You are viewing a plain text version of this content. The canonical link for it is here.
Posted to mapreduce-issues@hadoop.apache.org by "Vinod K V (JIRA)" <ji...@apache.org> on 2009/09/17 06:21:57 UTC

[jira] Commented: (MAPREDUCE-989) Allow segregation of DistributedCache for maps and reduces

    [ https://issues.apache.org/jira/browse/MAPREDUCE-989?page=com.atlassian.jira.plugin.system.issuetabpanels:comment-tabpanel&focusedCommentId=12756361#action_12756361 ] 

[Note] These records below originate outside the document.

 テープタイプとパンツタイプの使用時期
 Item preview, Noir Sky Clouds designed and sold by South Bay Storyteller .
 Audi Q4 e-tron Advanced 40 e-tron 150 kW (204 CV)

Vinod K V commented on MAPREDUCE-989:
-------------------------------------

Any use-cases? As of now, maps and reduces _can_ manage separate DistributedCache files/archives themselves. Is the suggestion only for separate API in job submission? Or do we want to enfoce the segragation on the TTs too - avoiding maps' cache files to be accessible by reduces and vice versa?

> Allow segregation of DistributedCache for maps and reduces
> ----------------------------------------------------------
>
>                 Key: MAPREDUCE-989
>                 URL: https://issues.apache.org/jira/browse/MAPREDUCE-989
>             Project: Hadoop Map/Reduce
>          Issue Type: Improvement
>          Components: client
>            Reporter: Arun C Murthy
>
> Applications might have differing needs for files in the DistributedCache wrt maps and reduces. We should allow them to specify them separately.

-- 
This message is automatically generated by JIRA.
-
You can reply to this email to add a comment to the issue online.

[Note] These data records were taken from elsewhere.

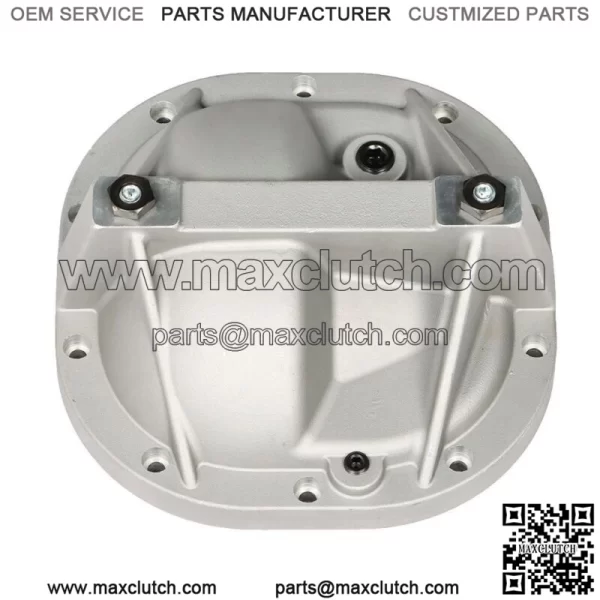 For Ford Mustang 1979-2004 8.8 inch Differential Cover Rear End Girdle System - Image 2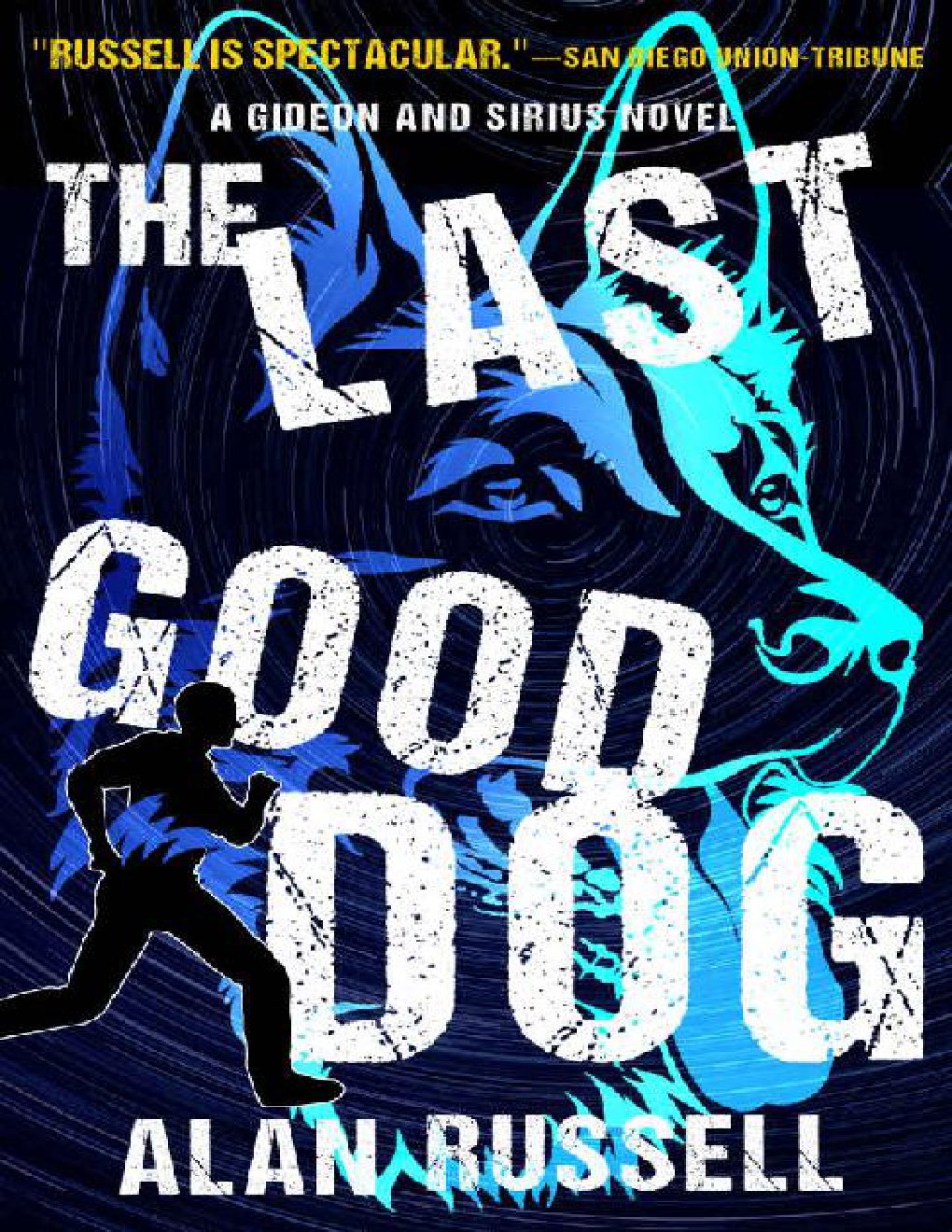 Cover of The Last Good Dog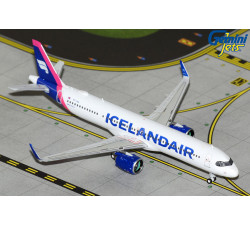 冰島航空 Icelandair Airbus A321neo 1:400
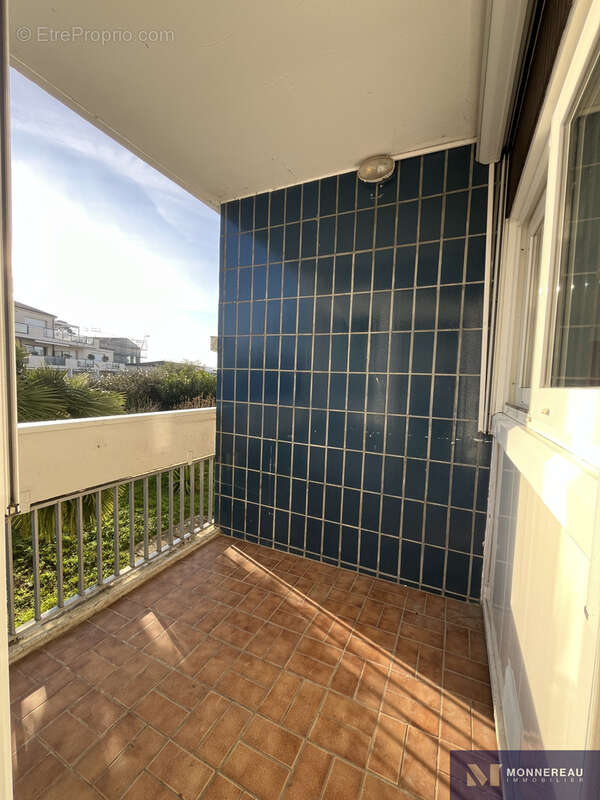 Appartement à SAINT-GEORGES-DE-DIDONNE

Re: [jira] Commented: (MAPREDUCE-989) Allow segregation of DistributedCache for maps and reduces

Posted by Milind A Bhandarkar <mi...@yahoo-inc.com>.
Vinod

How do maps and reduces manage the caches "themselves" now?

If I understand this feature right, user specifies distributed cache  
per job, and the tasktracker makes sure that those cache files are  
present on the local disks before *any* task in that job executes. By  
"any task," I mean setup, map, reduce, or cleanup task. Setup and  
cleanup tasks are a particular concern because these are the gating  
tasks, which according to amdahl's law, restrict the scalability of  
the parallel application.

The usage scenario is this. A star-join, where the map task filters,  
projects, or and transforms, and a reduce task does the join of a  
large (1 TB) fact table and several smaller (total 4 GB) dimension  
tables. The dimention tables evolve slowly, say, once a month they are  
updated. Whereas, the fact tables are updated hourly.

So,  fact tables are partitioned before the reduce stage, and the  
reducers need dimension tables locally. Therefore, these dimension  
tables are fetched by reducers to do the join. If individual reducers  
fetch dimention tables explicitly, it would be an extra overhead if  
more than one reducers execute on a single tasktracker. If these  
tables are specified as job-level cache, then map tasks, which do not  
need these tables, get blocked unnecessarily when the tasktrackers  
fetch these into cache.

I hope this detailed explanation really explains the use case.